Auster encara o trauma do 11/9 com sutilezas inesperadas
Atualização do mito da desaparição humana se dá, entretanto, de forma superficial
JOCA REINERS TERRON
ESPECIAL PARA A FOLHA
Paul Auster tem buscado
em seus dois últimos livros, "Desvarios no
Brooklyn" e "Viagens no Scriptorium", alguma renovação formal temática, procurando alternativa à exploração sem fim
de seu entrecho predileto, "homem abandona tudo misteriosamente".
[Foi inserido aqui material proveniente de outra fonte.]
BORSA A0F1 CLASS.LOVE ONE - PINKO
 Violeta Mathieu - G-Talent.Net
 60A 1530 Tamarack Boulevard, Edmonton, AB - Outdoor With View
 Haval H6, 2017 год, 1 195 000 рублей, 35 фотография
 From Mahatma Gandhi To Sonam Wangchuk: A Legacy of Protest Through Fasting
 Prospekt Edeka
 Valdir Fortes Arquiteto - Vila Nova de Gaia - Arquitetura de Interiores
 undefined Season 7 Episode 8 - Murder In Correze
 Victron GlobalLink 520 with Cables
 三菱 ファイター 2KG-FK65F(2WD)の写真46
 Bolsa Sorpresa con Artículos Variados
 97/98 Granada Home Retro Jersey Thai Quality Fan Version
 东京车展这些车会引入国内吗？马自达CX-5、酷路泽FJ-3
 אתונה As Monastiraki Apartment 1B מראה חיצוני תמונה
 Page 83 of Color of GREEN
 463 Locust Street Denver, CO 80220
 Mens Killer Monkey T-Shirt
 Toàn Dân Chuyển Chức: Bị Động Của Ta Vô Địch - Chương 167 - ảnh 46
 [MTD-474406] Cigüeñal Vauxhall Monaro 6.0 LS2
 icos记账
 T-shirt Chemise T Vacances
Antes suspeito do esgotamento desses personagens fugidios, porém, o autor norte-americano renova agora seu
antigo interesse pelo frágil
equilíbrio da identidade em
"Homem no Escuro". Sob tal
aspecto, seu novo romance desperta incêndios na imaginação,
mas, como se lerá, tudo não
passa de fogo de palha.
Os tempos são outros (e a
exigente mercancia editorial
também), e hoje seria impensável escritores como Franz Kafka ou Marcel Proust serem acusados de repetitivos. Há até
quem defenda que a exploração
de obsessões particulares seja
característica comum entre
grandes autores.
A insistência em atualizar o
mito transcendentalista da desaparição humana na paisagem
(em cujo panteão estão Thoreau e Whitman) está no cerne
da melhor obra de Auster, e
suas preocupações com o mito
inaugural norte-americano não
são relegadas em "Homem no
Escuro"; o principal problema
é que surgem de maneira
superficial.
Realidade paralela
August Brill é um velho escritor viúvo e insone convivendo
com a filha e a neta, ambas também viúvas. É um homem devastado pela imobilidade (teve
a perna arruinada num acidente) e pelas noites em claro nas
quais, para não relembrar o
passado doloroso, imagina, noite após noite, a história de
Owen Brick, um mágico de salão que é transportado à realidade paralela de um EUA onde
não houve o 11 de Setembro e
não existe a Guerra do Iraque.
Nesse país alternativo, os EUA
estão em batalha consigo mesmo, numa segunda Guerra da
Secessão.
Brick é então incumbido de
assassinar Brill (e isto indica
que Auster não se cansou de
seus jogos onomásticos), o homem que está contando para si
mesmo a história em que tudo
isto, a guerra civil e a sua queda
pessoal -adultério, infelicidades e erros- conjugam-se à
realidade atual de forma enternecedora e -por mais fantástico que o enredo possa sugerir-
absolutamente verdadeira.
"Homem no Escuro" é, portanto, mais um romance que lida
com o trauma pós-11 de Setembro, mas com sutilezas inesperadas baseadas nas possibilidades redentoras da memória e
da imaginação. E pára aí.
Não se trata de obra-prima.
"Homem no Escuro" é um romance imperfeito, cujas linhas
narrativas não se furtam a causar descrença e alguma insatisfação (Brick e sua missão, por
exemplo, são abortados sem
muitas explicações). É, porém,
uma narrativa evocadora de
certa tradição literária baseada
na voz reparadora de um homem velho à beira da morte, assim como nos (agora sim) primorosos "Malone Morre", de
Beckett, e "Homem no Holoceno", de Max Frisch.
E quem se importa com
obras-primas em tempos de
guerra? Talvez uma bela canção seja suficiente, e é isto que
Auster faz: ele canta as dores
humanas por meio da fábula,
apesar de, em seu caso, a máquina de fabular andar um tanto emperrada.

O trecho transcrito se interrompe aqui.